The bill would give the government, with court approval, at least 90 days before it must notify individuals that it has access to their electronic communications. The government would be able delay notice if there are national security concerns.
The legislation would ensure location information service providers are covered by ECPA provisions. The government would be required to get a search warrant or court order under the Foreign Intelligence Surveillance Act to obtain location information from mobile devices. But the warrant or court order wouldn’t be needed if there was a call for help or user consent.
The bill would allow a service provider to voluntarily provide the government access to electronic communications if the government needs the information to address a cyber attack. The Justice Department would have to report to Congress on the use of this provision.
The legislation would clarify the type of information the FBI can get from a service provider for counterintelligence purposes.
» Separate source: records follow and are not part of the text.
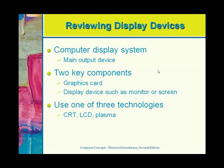Display devices are considered output devices. In a computer, your monitor is considered the main output device. The other output device would be a printer, and we'll talk about those in a second.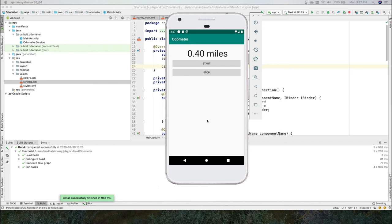And the activity can take that information and display it. I hope you benefited from this video and I hope to see you again in future videos. Bye.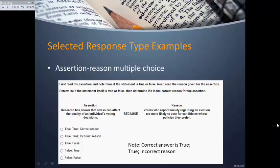Assertion-reason questions can be a little tricky to construct. If you use several of them in an exam, you should mix up the patterns and not write the same pattern every time. Note that if either the assertion or the reason is false, there is no need to determine if the reason is correct—both statements must be true before evaluating whether the reason correctly explains the assertion, otherwise students would simply be identifying a pattern of true or false.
The information would be non-content data, including user address, name and session-related numbers.
The DOJ has yet to offer a position on Leahy’s proposal. But Associate Deputy Attorney General James Baker said at a Brookings Institution panel discussion Tuesday that any changes to ECPA must be considered cautiously. He said individuals working on legislation should thoroughly consider the implications of changing the language of ECPA and how it will affect national security, law enforcement and privacy.
“It is very difficult to try to work through some of these questions,” Baker said. “And it’s very important we do it carefully and thoughtfully.”